Data section Block Start

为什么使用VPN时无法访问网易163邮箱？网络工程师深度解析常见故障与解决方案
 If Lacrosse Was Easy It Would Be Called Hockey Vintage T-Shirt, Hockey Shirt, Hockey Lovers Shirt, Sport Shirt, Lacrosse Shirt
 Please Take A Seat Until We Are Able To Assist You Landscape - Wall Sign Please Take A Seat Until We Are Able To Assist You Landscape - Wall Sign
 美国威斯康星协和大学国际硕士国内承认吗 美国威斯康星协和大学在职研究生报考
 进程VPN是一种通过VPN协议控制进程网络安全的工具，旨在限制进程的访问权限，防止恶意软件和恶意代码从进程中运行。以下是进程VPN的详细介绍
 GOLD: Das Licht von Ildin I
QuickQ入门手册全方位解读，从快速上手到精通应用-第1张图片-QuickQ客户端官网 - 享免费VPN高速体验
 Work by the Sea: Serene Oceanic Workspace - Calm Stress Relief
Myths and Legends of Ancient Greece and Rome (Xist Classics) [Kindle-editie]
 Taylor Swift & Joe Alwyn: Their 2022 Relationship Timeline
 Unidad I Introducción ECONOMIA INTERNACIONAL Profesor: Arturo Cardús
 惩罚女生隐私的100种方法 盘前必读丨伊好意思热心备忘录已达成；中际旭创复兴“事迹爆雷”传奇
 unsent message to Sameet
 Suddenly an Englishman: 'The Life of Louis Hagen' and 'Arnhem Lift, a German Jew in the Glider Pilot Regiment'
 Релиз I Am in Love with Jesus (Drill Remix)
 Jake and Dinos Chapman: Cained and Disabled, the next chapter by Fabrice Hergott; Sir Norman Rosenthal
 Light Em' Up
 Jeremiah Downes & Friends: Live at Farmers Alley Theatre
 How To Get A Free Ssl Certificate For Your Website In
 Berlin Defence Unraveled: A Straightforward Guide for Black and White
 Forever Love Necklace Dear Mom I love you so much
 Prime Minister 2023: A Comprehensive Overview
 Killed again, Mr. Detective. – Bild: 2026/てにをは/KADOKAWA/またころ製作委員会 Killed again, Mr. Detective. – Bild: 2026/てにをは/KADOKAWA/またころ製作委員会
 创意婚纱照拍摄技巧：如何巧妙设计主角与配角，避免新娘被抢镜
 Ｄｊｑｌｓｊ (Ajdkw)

Data section Block End

Problem => For each record above, print an exact copy.

Answer box =>
为什么使用VPN时无法访问网易163邮箱？网络工程师深度解析常见故障与解决方案
 If Lacrosse Was Easy It Would Be Called Hockey Vintage T-Shirt, Hockey Shirt, Hockey Lovers Shirt, Sport Shirt, Lacrosse Shirt
 Please Take A Seat Until We Are Able To Assist You Landscape - Wall Sign Please Take A Seat Until We Are Able To Assist You Landscape - Wall Sign
 美国威斯康星协和大学国际硕士国内承认吗 美国威斯康星协和大学在职研究生报考
 进程VPN是一种通过VPN协议控制进程网络安全的工具，旨在限制进程的访问权限，防止恶意软件和恶意代码从进程中运行。以下是进程VPN的详细介绍
 GOLD: Das Licht von Ildin I
QuickQ入门手册全方位解读，从快速上手到精通应用-第1张图片-QuickQ客户端官网 - 享免费VPN高速体验
 Work by the Sea: Serene Oceanic Workspace - Calm Stress Relief
Myths and Legends of Ancient Greece and Rome (Xist Classics) [Kindle-editie]
 Taylor Swift & Joe Alwyn: Their 2022 Relationship Timeline
 Unidad I Introducción ECONOMIA INTERNACIONAL Profesor: Arturo Cardús
 惩罚女生隐私的100种方法 盘前必读丨伊好意思热心备忘录已达成；中际旭创复兴“事迹爆雷”传奇
 unsent message to Sameet
 Suddenly an Englishman: 'The Life of Louis Hagen' and 'Arnhem Lift, a German Jew in the Glider Pilot Regiment'
 Релиз I Am in Love with Jesus (Drill Remix)
 Jake and Dinos Chapman: Cained and Disabled, the next chapter by Fabrice Hergott; Sir Norman Rosenthal
 Light Em' Up
 Jeremiah Downes & Friends: Live at Farmers Alley Theatre
 How To Get A Free Ssl Certificate For Your Website In
 Berlin Defence Unraveled: A Straightforward Guide for Black and White
 Forever Love Necklace Dear Mom I love you so much
 Prime Minister 2023: A Comprehensive Overview
 Killed again, Mr. Detective. – Bild: 2026/てにをは/KADOKAWA/またころ製作委員会 Killed again, Mr. Detective. – Bild: 2026/てにをは/KADOKAWA/またころ製作委員会
 创意婚纱照拍摄技巧：如何巧妙设计主角与配角，避免新娘被抢镜
 Ｄｊｑｌｓｊ (Ajdkw)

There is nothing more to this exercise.